Tian Feifei, Zhang Chun, Fan Xia, Yang Xue, Wang Xi, Liang Huaping
State Key Laboratory of Trauma, Burns and Combined Injury, Research Institute of Surgery, Daping Hospital, The Third Military Medical University, Chongqing 400042, China phone: +86 23 68757411, fax: +86 23 68757404.
College of Bioengineering, Chongqing University, Chongqing 400044, China.
Mol Inform. 2010 Oct 11;29(10):707-15. doi: 10.1002/minf.201000092. Epub 2010 Oct 19.

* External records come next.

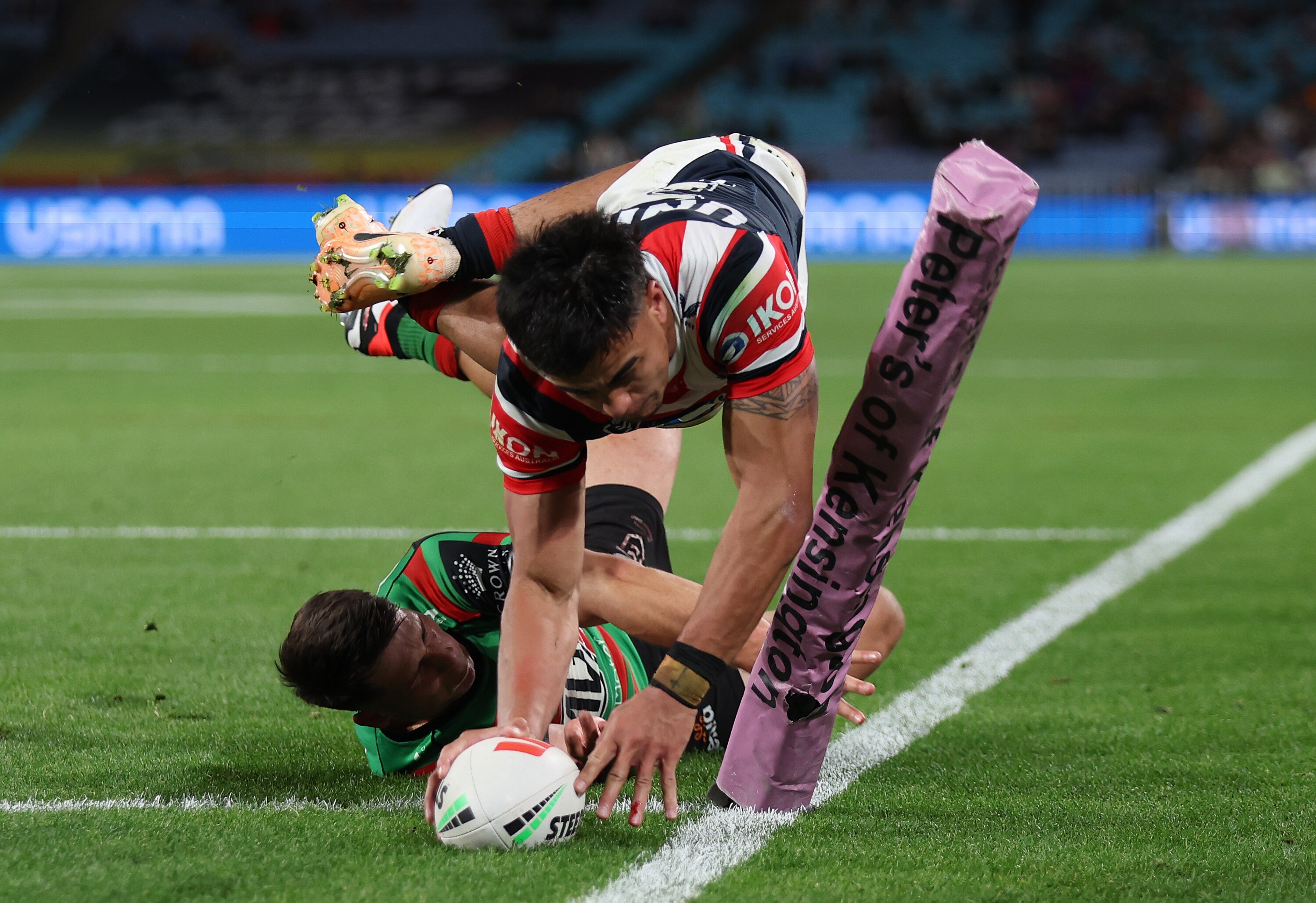 A man scores a try in a rugby league match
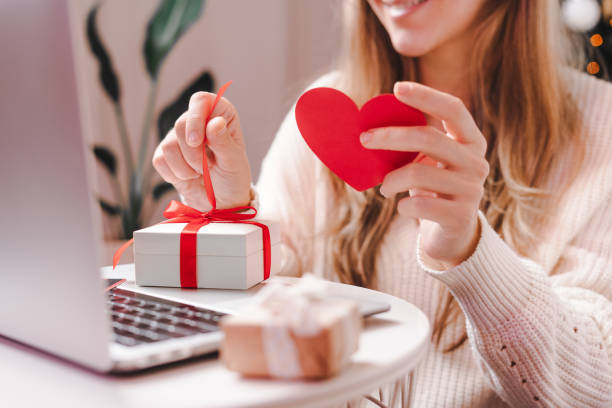 femme avec la carte et le cadeau de valentine ayant un chat vidéo sur l’ordinateur portatif - valentine present photos et images de collection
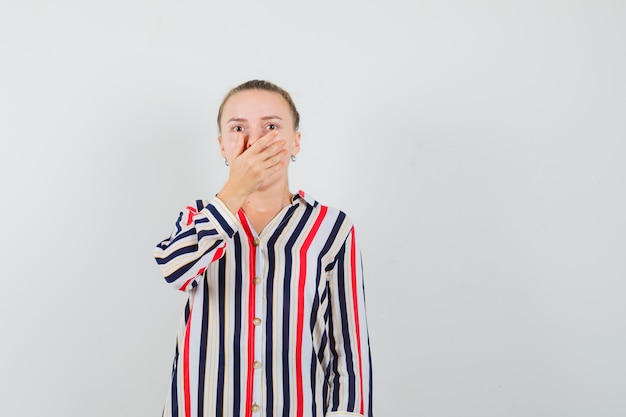 Young woman in striped blouse covering her mouth with both hands and looking surprised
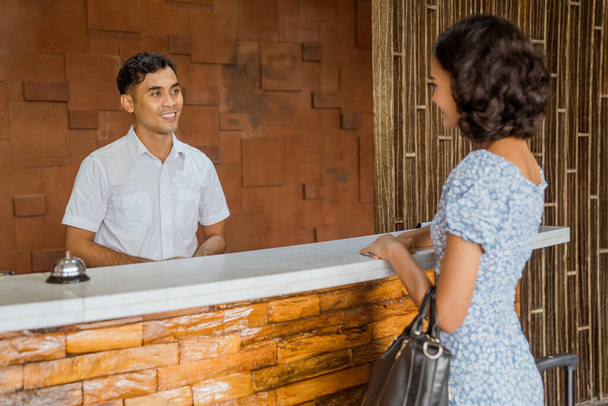 The receptionist smiles welcoming female guests to the hotel lobby - Фото, зображення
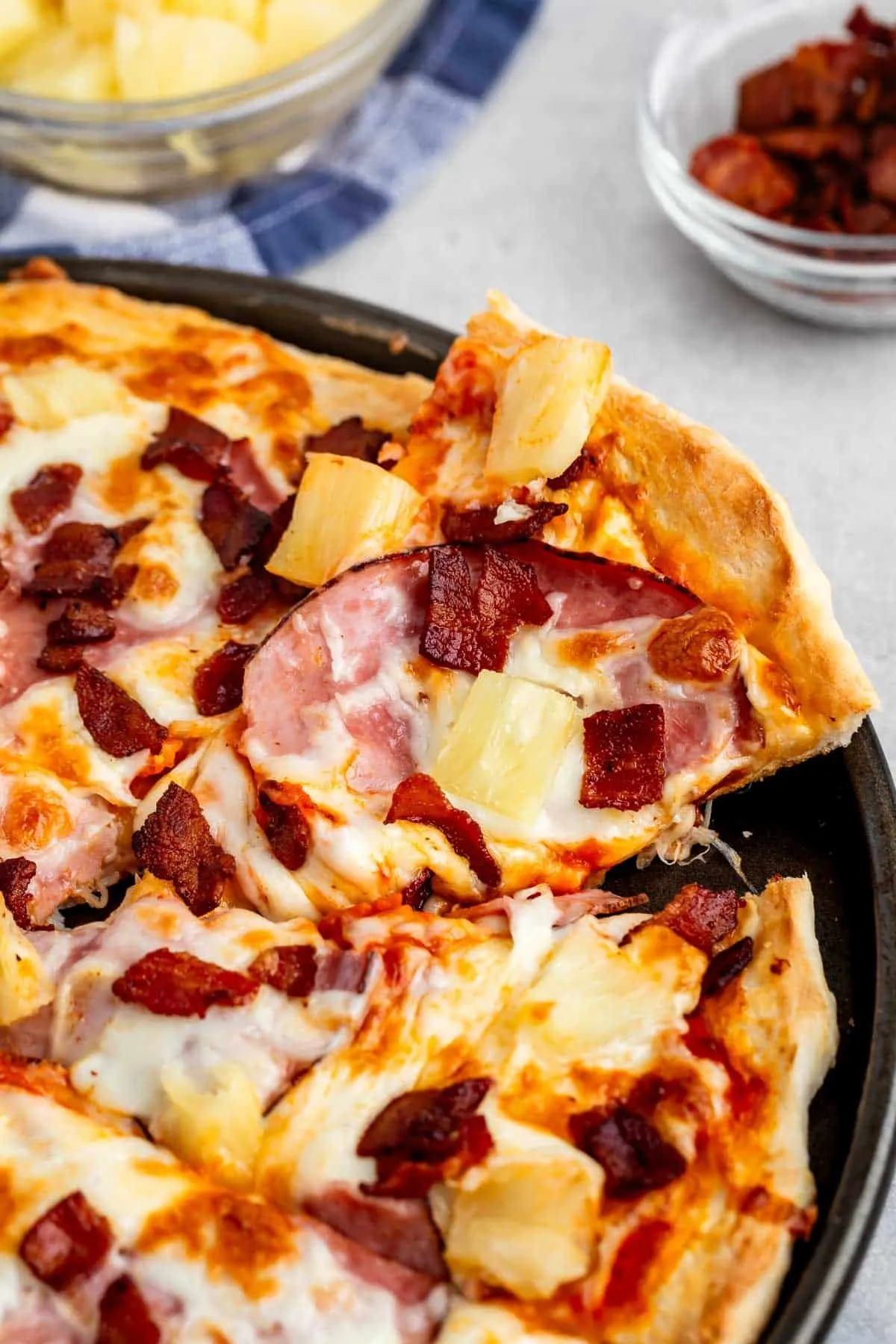 This easy homemade pizza is a sweet-and-savory classic, pairing juicy pineapple with melty cheese and crispy bacon. It’s simple to throw together, full of bold flavor, and a great way to ease pineapple skeptics into the combo. A fun, low-effort dinner that feels a little different without being complicated.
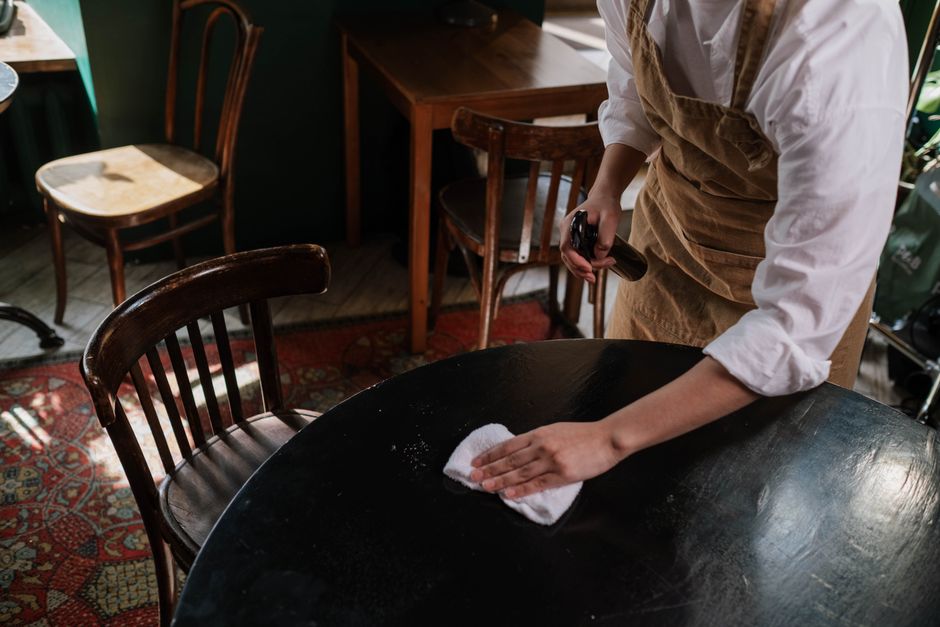 A person wearing a white shirt and brown apron is performing surface cleaning on a dark wooden round table, using a white cloth to wipe the surface. The individual is holding a spray bottle in the oth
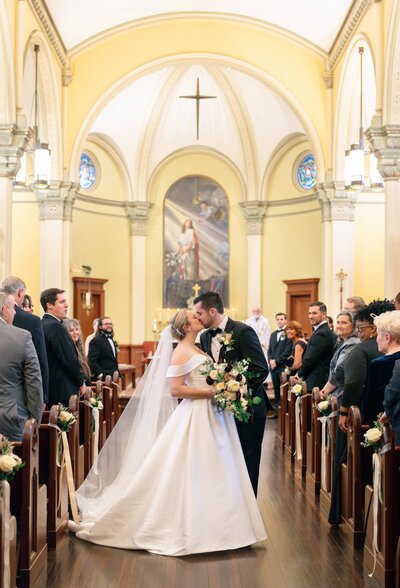 A couple dressed in wedding attire shares a kiss at the altar of a beautifully decorated church. Guests stand and watch from the pews, under an arched ceiling with stained glass windows and elegant lighting.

Flexibility in biomolecules is an important determinant of biological functionality, which can be measured quantitatively by atomic Debye-Waller factor or B-factor. Although numerous works have been addressed on theoretical and computational studies of the B-factor profiles of proteins, the methods used for predicting B-factor values of nucleic acids, especially the complicated ribosomal RNAs (rRNAs), which are very functionally similar to proteins in providing matrix structures and in catalyzing biochemical reactions, still remain unexploited. In this article, we present a quantitative structure-flexibility relationship (QSFR) study with the aim at the quantitative prediction of rRNA B-factor based on primary sequences (sequence-based) and advanced structures (structure-based) by using both linear and nonlinear machine learning approaches, including partial least squares regression (PLS), least squares support vector machine (LSSVM), and Gaussian process (GP). By rigorously examining the performance and reliability of constructed statistical models and by comparing our models in detail to those developed previously for protein B-factors, we demonstrate that (i) rRNA B-factors could be predicted at a similar level of accuracy with that of protein, (ii) a structure-based approach performed much better as compared to sequence-based methods in modeling of rRNA B-factors, and (iii) rRNA flexibility is primarily governed by the local features of nonbonding potential landscapes, such as electrostatic and van der Waals forces.
生物分子的灵活性是生物功能的重要决定因素,可通过原子德拜-瓦勒因子或B因子进行定量测量。尽管已经有大量关于蛋白质B因子分布的理论和计算研究,但用于预测核酸(尤其是复杂的核糖体RNA,即rRNA)B因子值的方法仍未得到充分利用。rRNA在提供基质结构和催化生化反应方面与蛋白质的功能非常相似。在本文中,我们开展了一项定量结构-灵活性关系(QSFR)研究,旨在通过使用线性和非线性机器学习方法,包括偏最小二乘回归(PLS)、最小二乘支持向量机(LSSVM)和高斯过程(GP),基于一级序列(基于序列)和高级结构(基于结构)对rRNA的B因子进行定量预测。通过严格检验构建的统计模型的性能和可靠性,并将我们的模型与先前针对蛋白质B因子开发的模型进行详细比较,我们证明:(i)rRNA的B因子能够以与蛋白质相似的准确度进行预测;(ii)在rRNA B因子建模中,基于结构的方法比基于序列的方法表现得更好;(iii)rRNA的灵活性主要由非键合势能面的局部特征决定,如静电力和范德华力。